Your goal: The material below is to be copied exactly from the line with "Building Photo - 3" up to and including the line with "Puff-sleeved midi dress", with nothing else kept and no pictures.

The data:
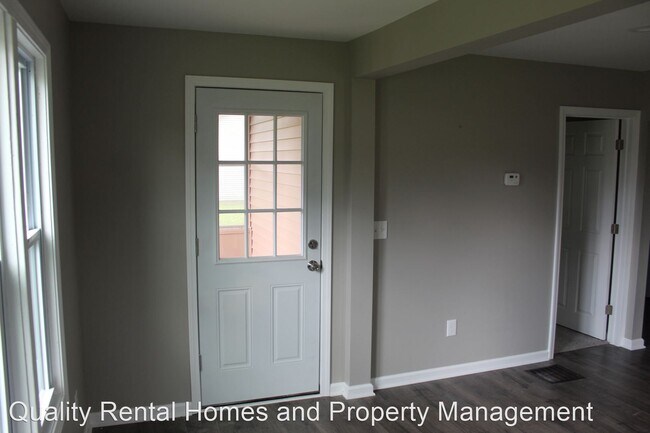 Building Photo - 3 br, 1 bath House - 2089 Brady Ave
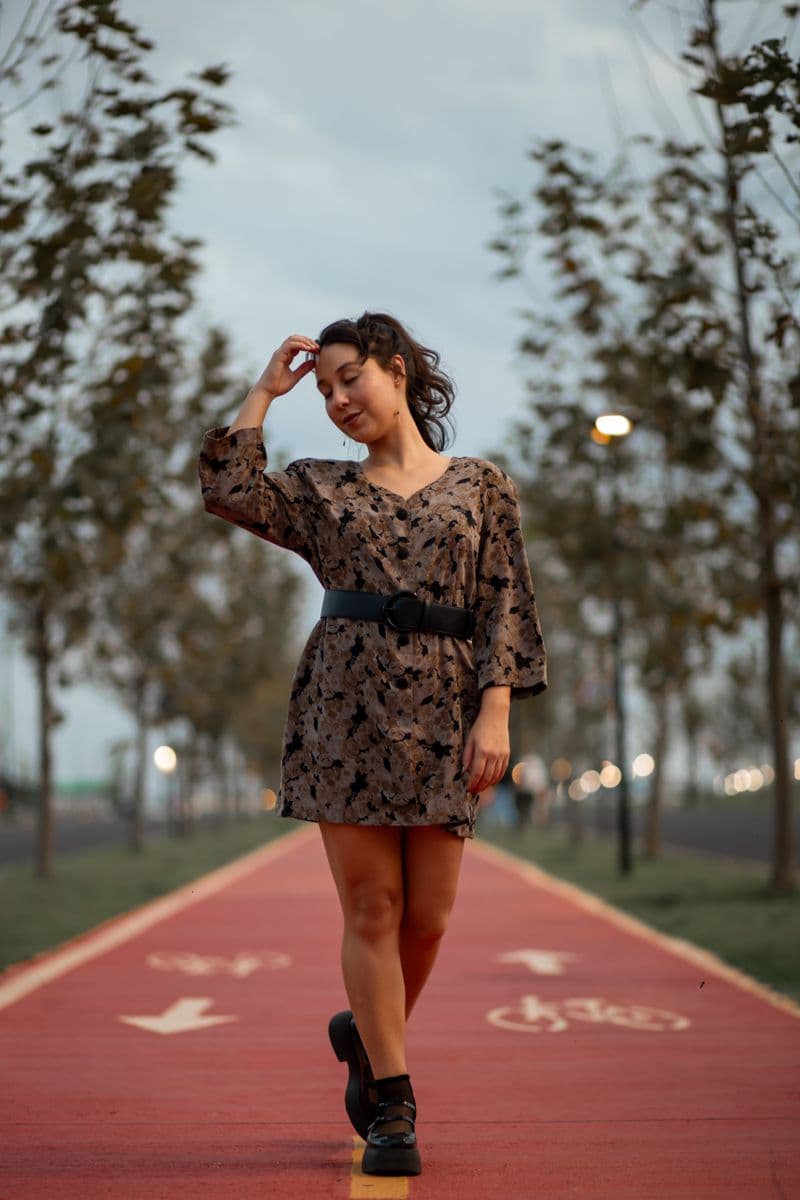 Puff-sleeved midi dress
---
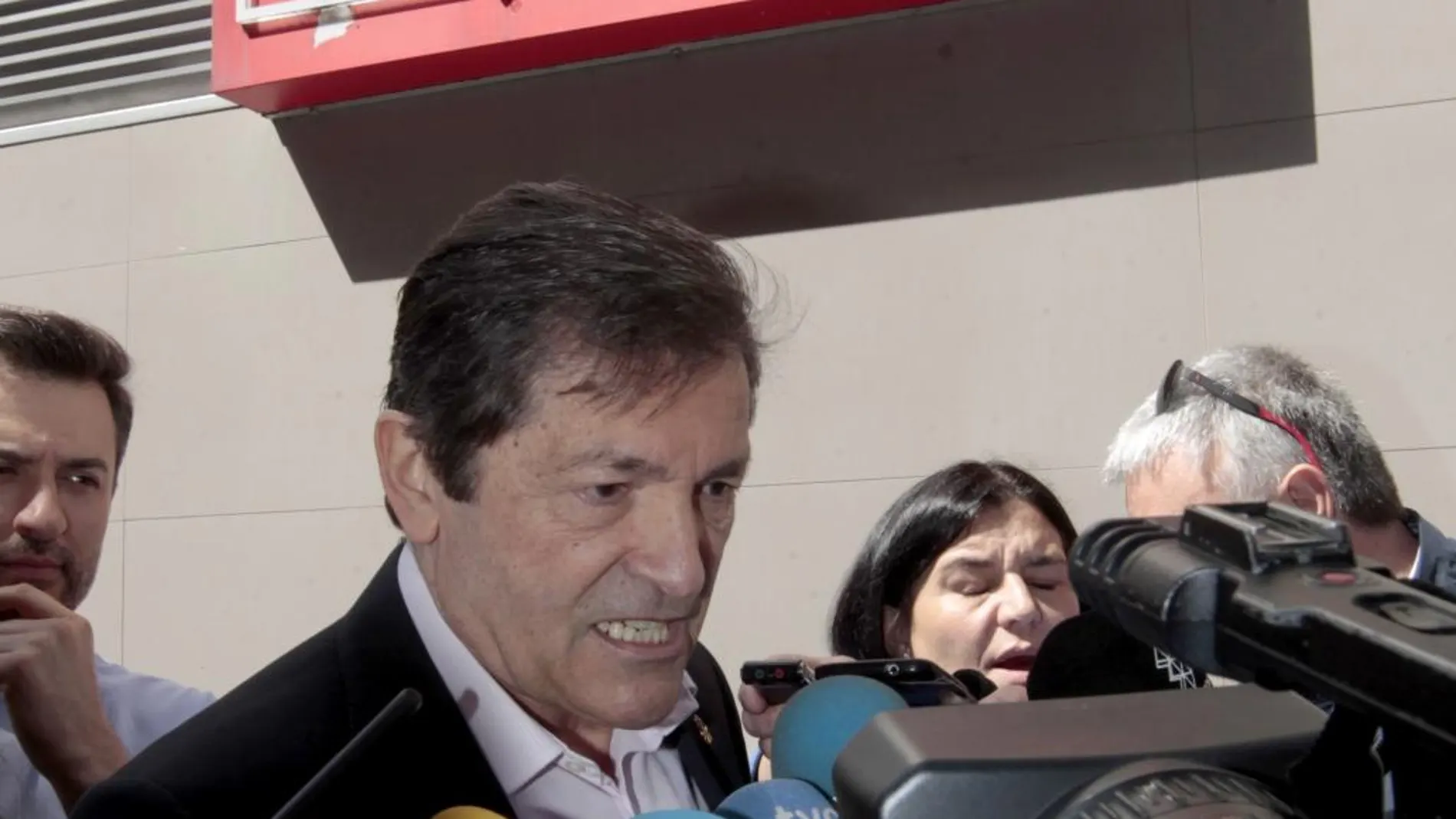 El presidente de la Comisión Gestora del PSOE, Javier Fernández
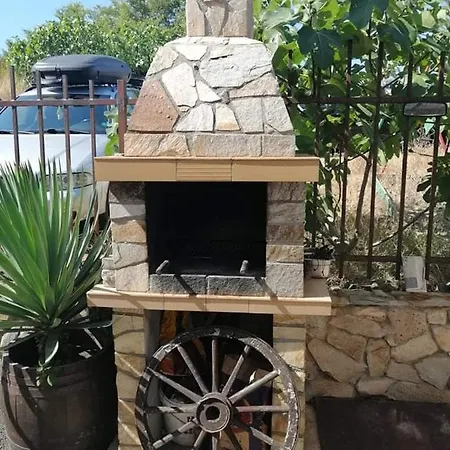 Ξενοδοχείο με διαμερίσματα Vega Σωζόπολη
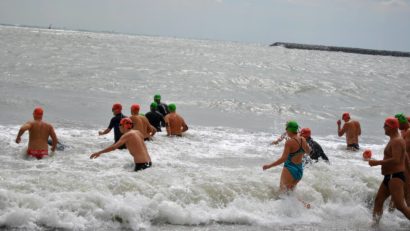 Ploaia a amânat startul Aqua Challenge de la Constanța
...
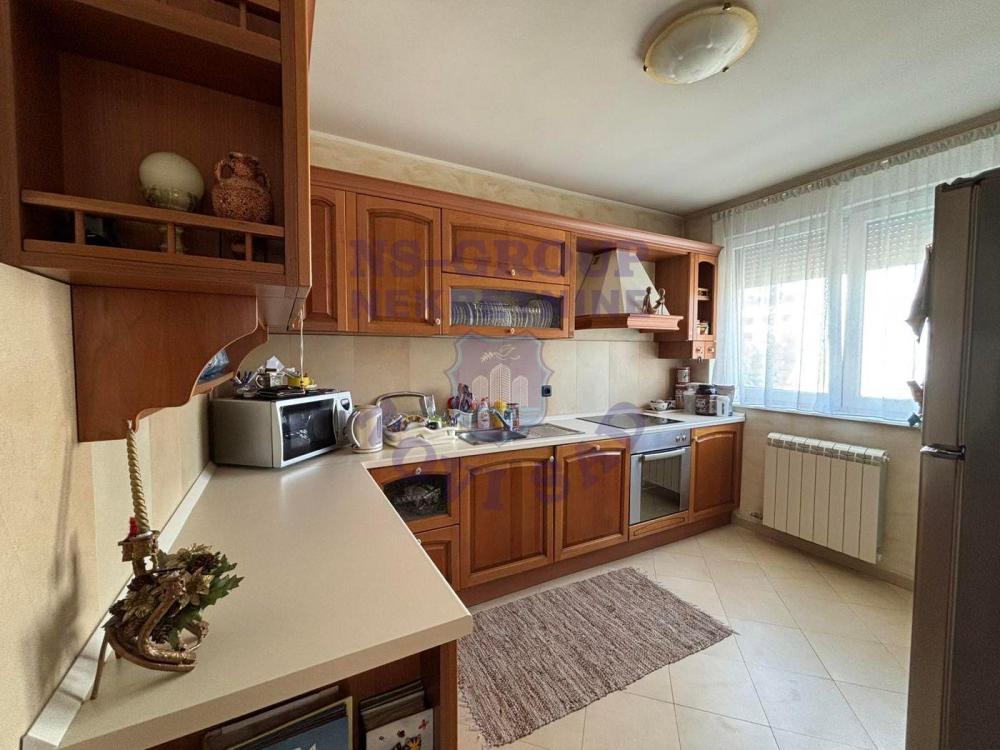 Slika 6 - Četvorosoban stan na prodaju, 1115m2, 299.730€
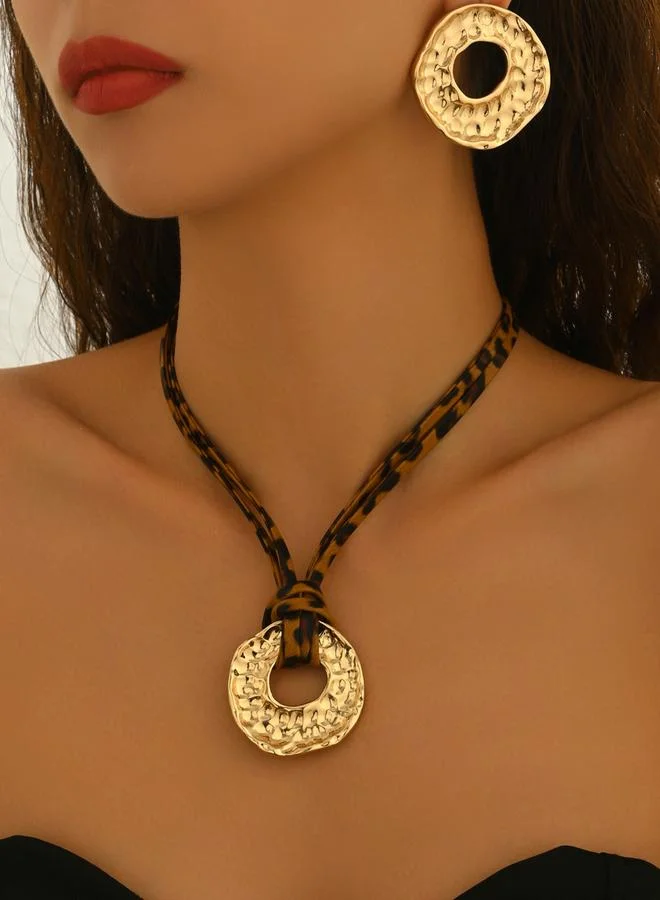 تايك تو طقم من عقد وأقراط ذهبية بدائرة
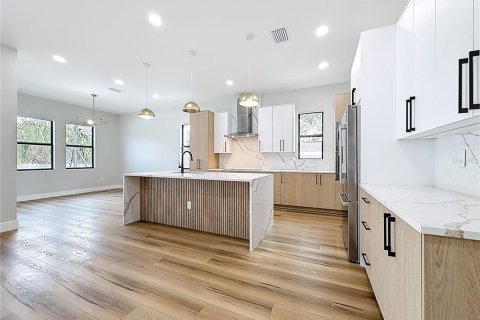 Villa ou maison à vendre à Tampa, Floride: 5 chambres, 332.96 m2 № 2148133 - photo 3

Answer space:
 Building Photo - 3 br, 1 bath House - 2089 Brady Ave
 Puff-sleeved midi dress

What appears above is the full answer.